→ Task material:
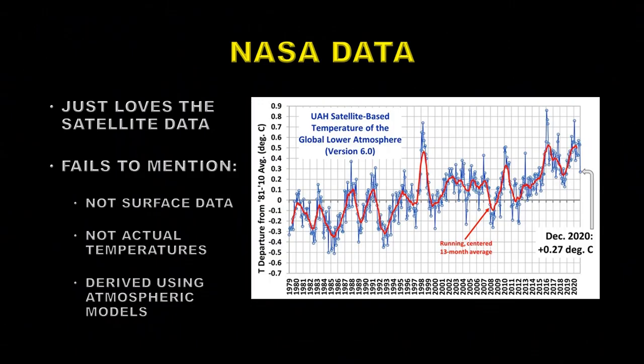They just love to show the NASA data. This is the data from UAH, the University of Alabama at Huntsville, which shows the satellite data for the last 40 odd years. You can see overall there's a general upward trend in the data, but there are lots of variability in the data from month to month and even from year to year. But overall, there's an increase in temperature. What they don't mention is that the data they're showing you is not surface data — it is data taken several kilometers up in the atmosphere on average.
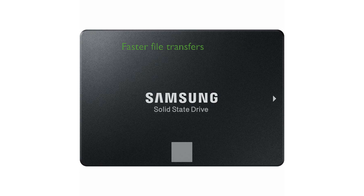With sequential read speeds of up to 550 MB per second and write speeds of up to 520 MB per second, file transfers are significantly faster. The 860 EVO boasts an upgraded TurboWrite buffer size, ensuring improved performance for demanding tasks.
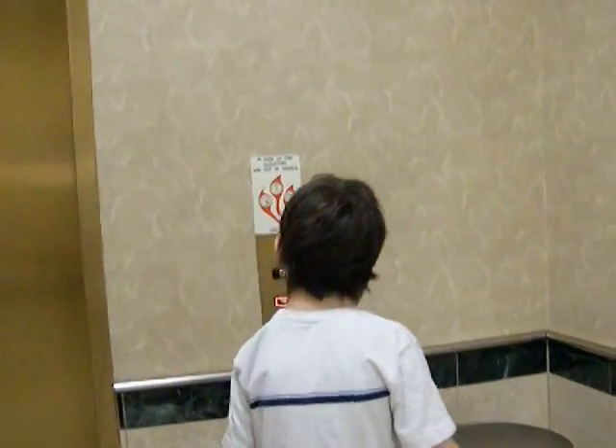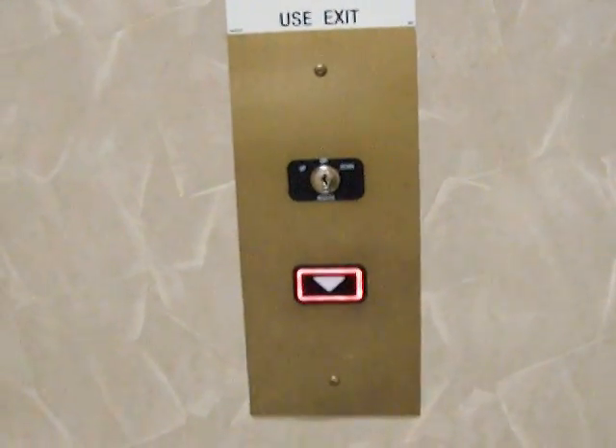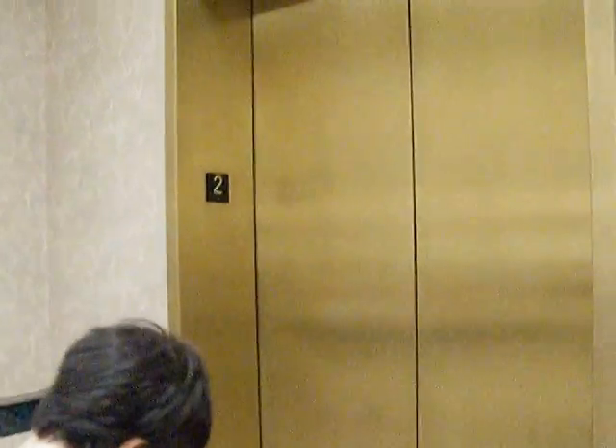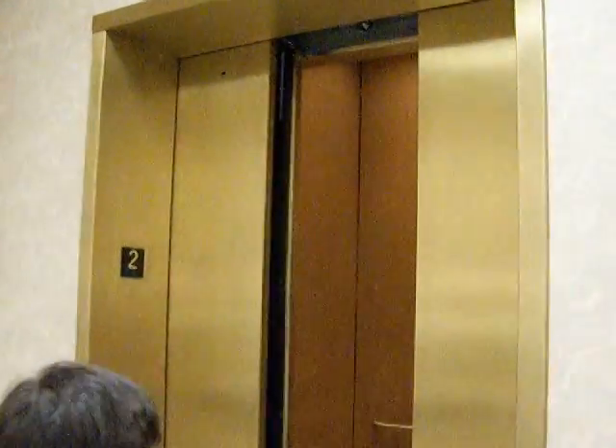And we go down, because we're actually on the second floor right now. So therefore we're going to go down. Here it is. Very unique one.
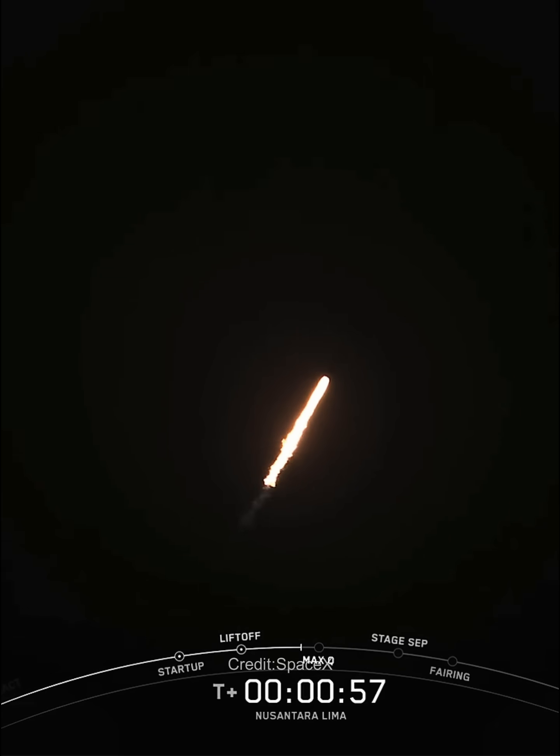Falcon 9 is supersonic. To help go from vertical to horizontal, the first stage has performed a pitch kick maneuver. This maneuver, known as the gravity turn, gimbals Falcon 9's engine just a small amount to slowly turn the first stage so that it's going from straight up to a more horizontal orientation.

--

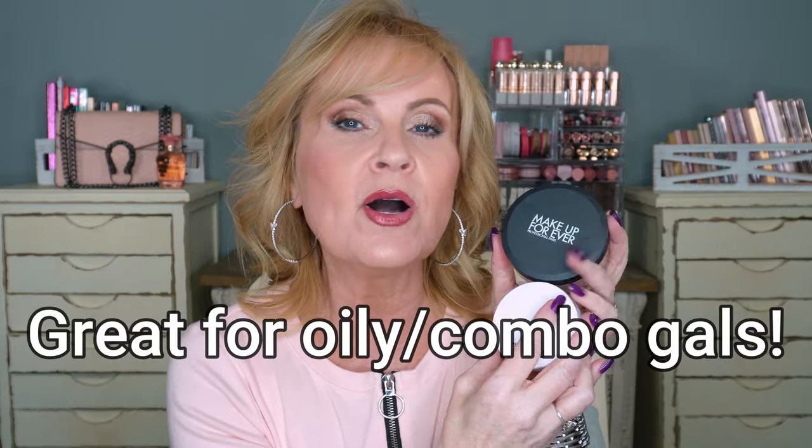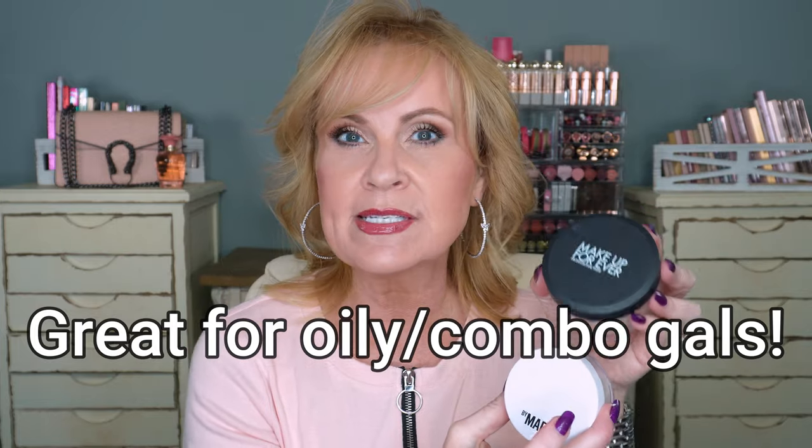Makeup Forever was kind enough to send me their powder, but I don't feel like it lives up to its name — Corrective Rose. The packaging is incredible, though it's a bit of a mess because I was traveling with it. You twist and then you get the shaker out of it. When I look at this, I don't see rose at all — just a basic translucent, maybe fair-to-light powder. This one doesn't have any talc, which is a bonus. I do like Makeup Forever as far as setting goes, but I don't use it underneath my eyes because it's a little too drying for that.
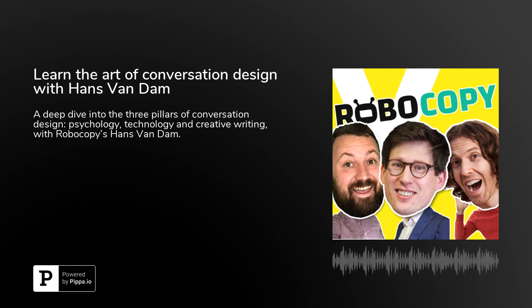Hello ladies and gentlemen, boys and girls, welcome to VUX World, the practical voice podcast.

* * *

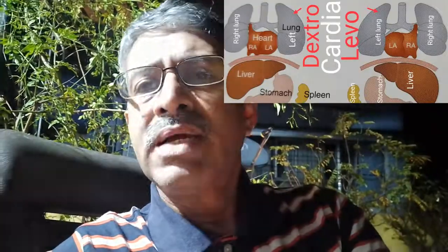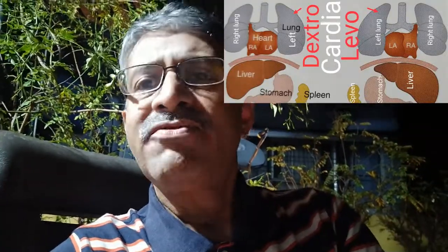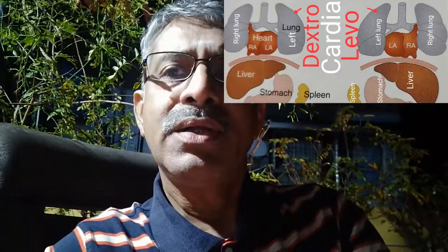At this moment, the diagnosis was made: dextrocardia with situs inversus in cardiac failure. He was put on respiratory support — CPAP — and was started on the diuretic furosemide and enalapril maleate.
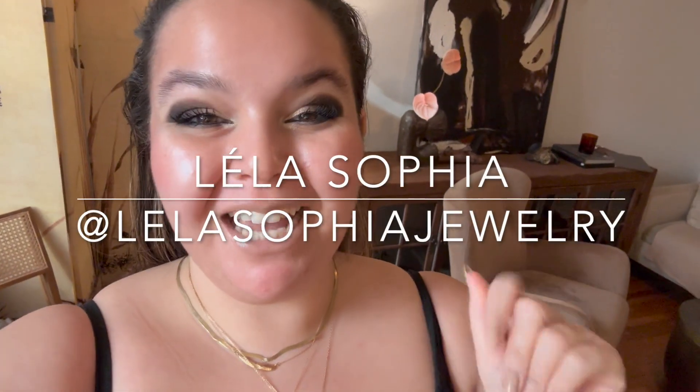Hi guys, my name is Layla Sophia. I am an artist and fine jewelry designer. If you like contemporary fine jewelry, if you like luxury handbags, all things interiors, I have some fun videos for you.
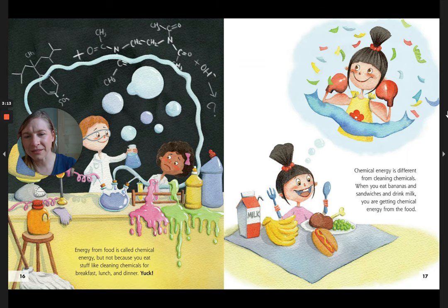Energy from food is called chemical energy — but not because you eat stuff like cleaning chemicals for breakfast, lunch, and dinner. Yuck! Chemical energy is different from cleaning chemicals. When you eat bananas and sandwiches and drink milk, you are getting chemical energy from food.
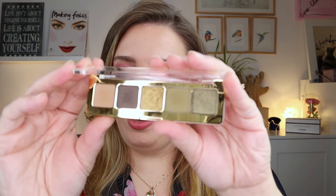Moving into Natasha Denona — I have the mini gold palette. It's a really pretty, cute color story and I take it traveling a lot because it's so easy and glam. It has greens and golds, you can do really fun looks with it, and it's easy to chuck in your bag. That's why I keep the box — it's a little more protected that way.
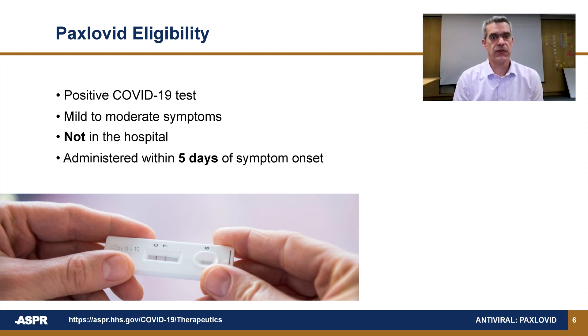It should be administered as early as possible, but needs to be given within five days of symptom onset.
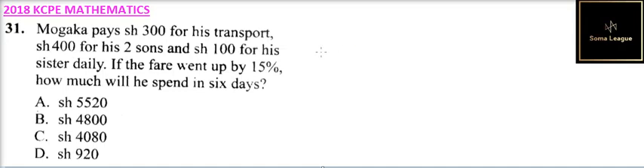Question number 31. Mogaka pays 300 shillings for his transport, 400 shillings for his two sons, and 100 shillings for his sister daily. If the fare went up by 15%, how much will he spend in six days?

→ Work required: Look back over the records above. Reproduce exactly everything from the line with "And we go down, because" down to the line with "Falcon 9 is", inclusive, and leave the pictures out.

→ Your response:
And we go down, because we're actually on the second floor right now. So therefore we're going to go down. Here it is. Very unique one.
Falcon 9 is supersonic. To help go from vertical to horizontal, the first stage has performed a pitch kick maneuver. This maneuver, known as the gravity turn, gimbals Falcon 9's engine just a small amount to slowly turn the first stage so that it's going from straight up to a more horizontal orientation.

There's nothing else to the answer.